Farm Ireland

Monday 18 December 2017

Feed meal supplements to make up for poor pastures

Michael Gottstein

As I write, the cold spell is still with us and even though the days are somewhat milder, we are still getting hard frost at night. Soil temperatures, according to Met Eireann, hovered between 1.6 and 4.7°C, depending on location, in the period from March 4-10. These figures are still below the 6°C required for growth and are back about 3°C from where they would normally be for this time of year.

Where fertiliser has not yet been applied, a chance may have to be taken that the weather will, at some stage, have to turn for the good. Certainly, having the fertiliser in the yard and the spreading equipment at the ready is important so that you can jump when the opportunity arises.

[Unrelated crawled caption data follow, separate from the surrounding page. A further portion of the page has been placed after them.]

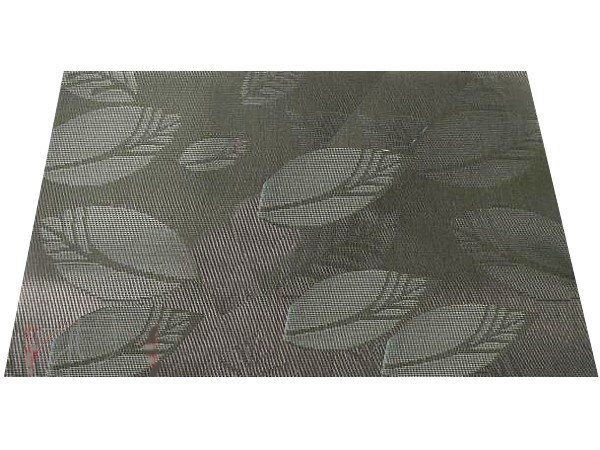 Сет под горячее вініл 40х35см серые листики 17970_1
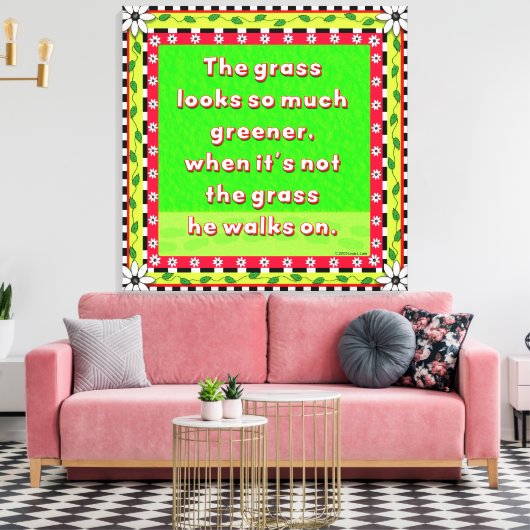 Grüngras Leinwanddruck (Insitu (Wohnzimmer))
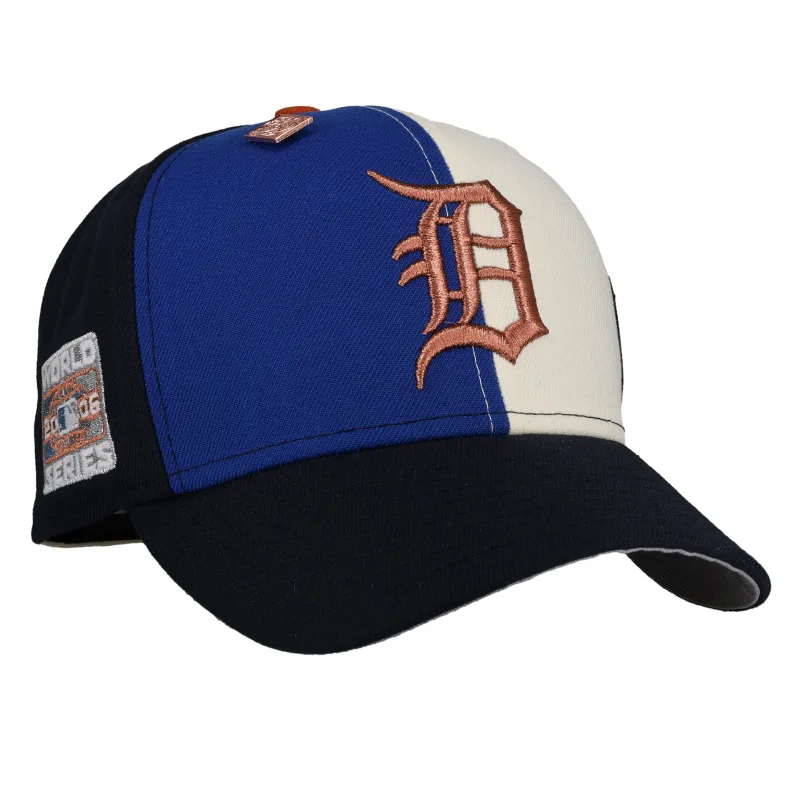New Era Detroit Tigers fitted hat black, grey, blue, chrome colorway - 2006 World Series Fitted: New Era’s Chrome Split Commemorates Tigers’ Cinderella Run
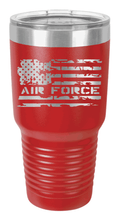 Load image into Gallery viewer, Air Force Flag Tumbler Laser Engraved (Etched)
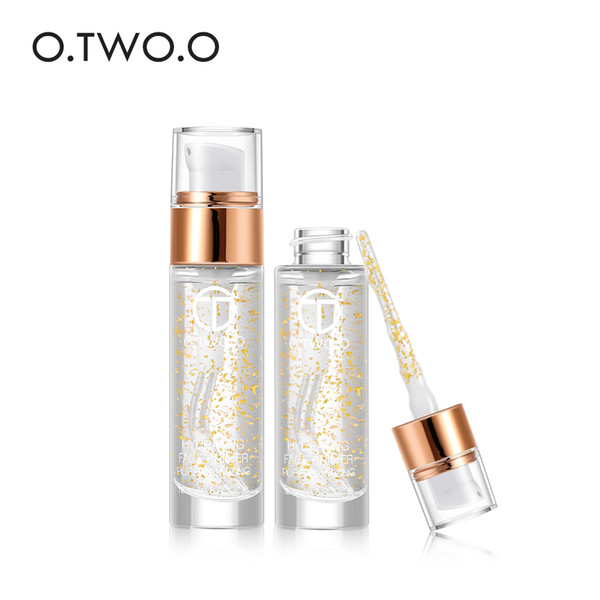 O.TWO.O Professional 24k Rose Gold Elixir Makeup Primer Anti-Aging Moisturizer Face Care Essential Oil Makeup Base 18ml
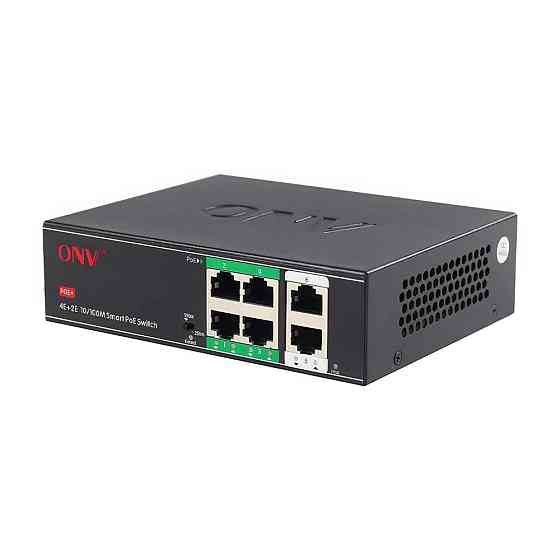 PoE-комутатор некерований 6-портовий ONV-H1064PSD з 4 портами PoE (73-00059) Київ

Until grass growth kicks off and ewe-suckling lambs get access to good quality grass, meals will have to be fed to make up the shortfall. I have already covered this issue in detail in my article two weeks ago, but let's recap. The levels of meal that will be required per ewe per day will depend on how much grass is available, the quality of the grass, the body condition of the ewe and how many lambs the ewe is rearing.


I suggest that the minimum supplementation rate on most lowland farms will be 1kg/hd/day until grass heights reach 4cm of good grass (as opposed to dead material that has been sitting there over the winter). In situations where there is little or no roughage available then this level may have to be increased to double that figure.

When lactating ewes are being fed at grass, aim to supplement them with fibre-based concentrates rather than starchy ones. Suitable ingredients are oats, citrus pulp, beet pulp, distillers, soyabean meal, rapeseed, gluten and soya hulls. The last three ingredients are low in energy and should therefore not be included at high rates.

If winter forage stocks are running low and there is insufficient grass available to turn out, consider feeding ad-lib meals. All categories of sheep can be fed ad-lib meal, providing that it is balanced to meet their nutritional requirements.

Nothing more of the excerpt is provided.